**Exercise details:**
In the records below, reproduce exactly the lines from the one containing "Immunocytochemistry/ Immunofluorescence: NKIRAS2" through the one containing "RDE 30 octubre", both included, and omit the pictures.

**Records provided:**
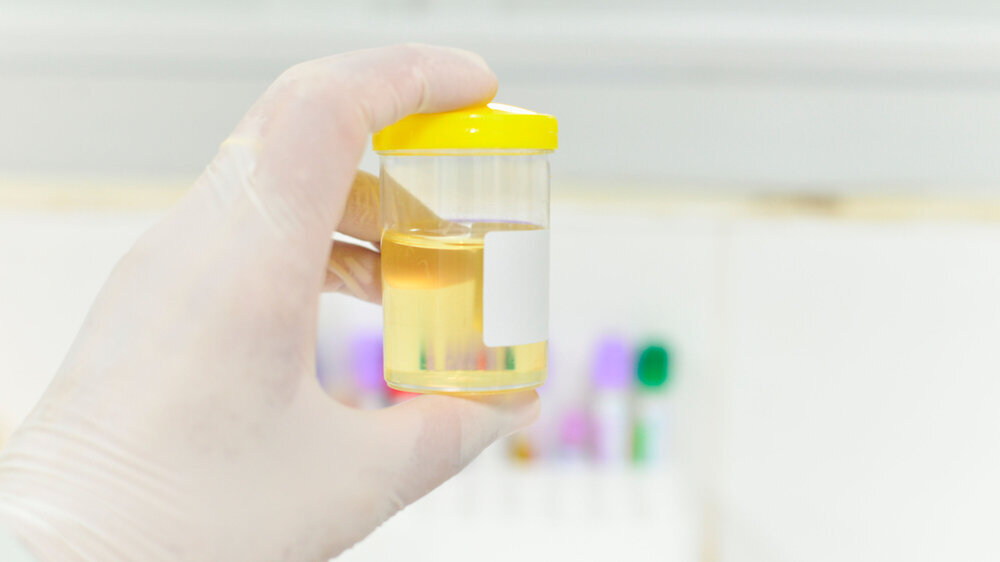 Check-up. Medical report and urine test strips Urintest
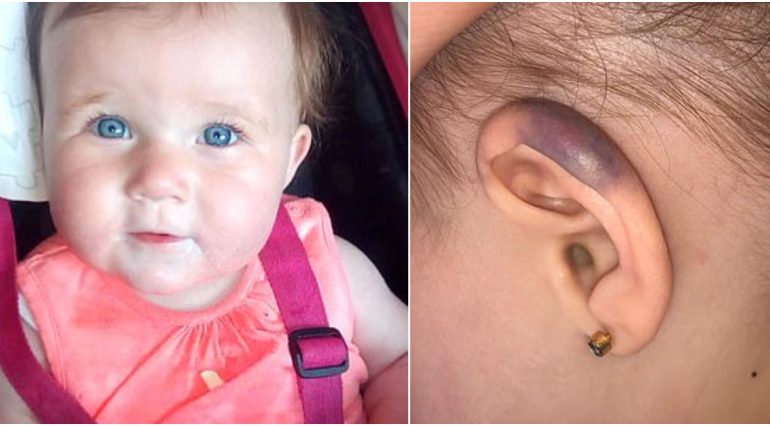 Fetita de 1 an, atacata de un pescarus. Micuta s-a ales cu o ureche vanata | Demamici.ro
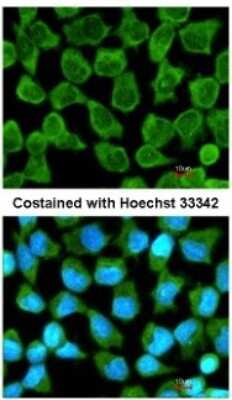 Immunocytochemistry/ Immunofluorescence: NKIRAS2 Antibody [NBP1-31696]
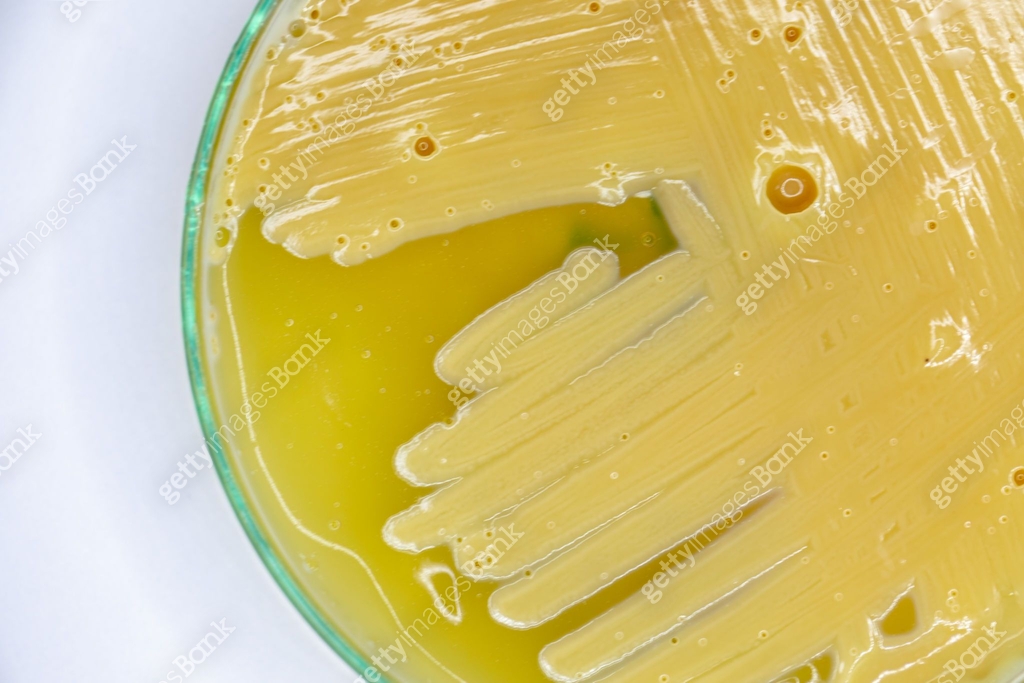 Actinomyces Radingae Study Colony characteristic of Actinomyces, Bacteria, yeast and Mold on ...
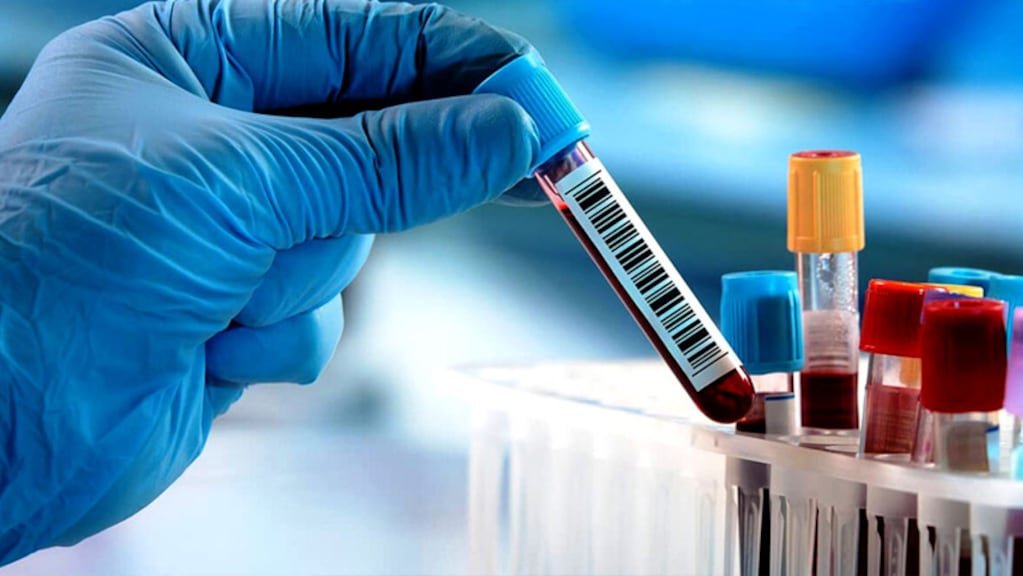 RDE 30 octubre 2026 - Sífilis: por qué puede repetirse la infección y cuándo consultar Sífilis: por qué puede repetirse la infección y cuándo consultar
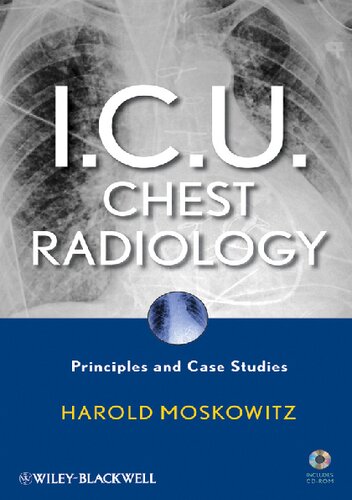 I.C.U. Chest Radiology: Principles and Case Studies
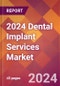 2024 Dental Implant Services Global Market Size & Growth Report with Updated Recession Risk Impact - Product Image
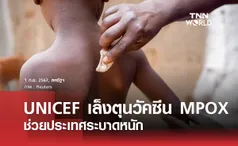 UNICEF เล็งตุนวัคซีน MPOX ช่วยประเทศระบาดหนัก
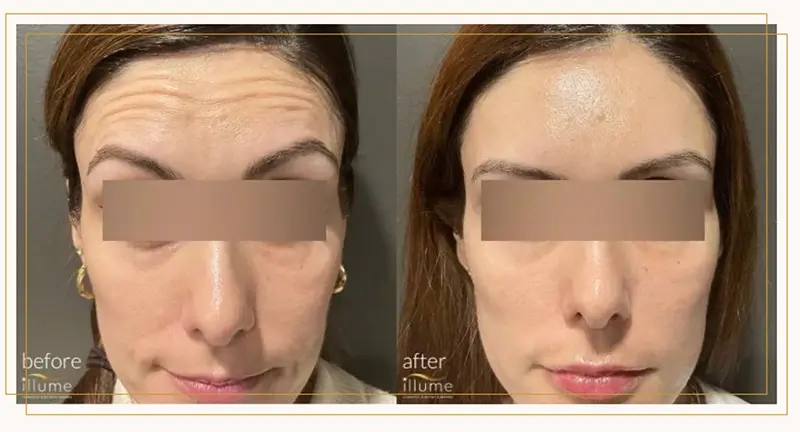 physician-supervised-medspas Medspa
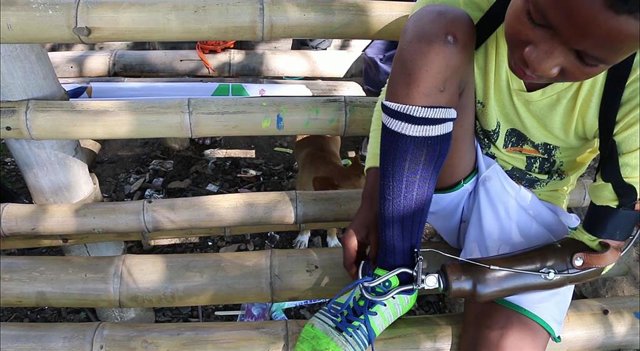 Gemerson fue víctima de un resto explosivo de guerra y perdió una se sus manos cuando tenía 11 años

**Task result:**
 Immunocytochemistry/ Immunofluorescence: NKIRAS2 Antibody [NBP1-31696]
 Actinomyces Radingae Study Colony characteristic of Actinomyces, Bacteria, yeast and Mold on ...
 RDE 30 octubre 2026 - Sífilis: por qué puede repetirse la infección y cuándo consultar Sífilis: por qué puede repetirse la infección y cuándo consultar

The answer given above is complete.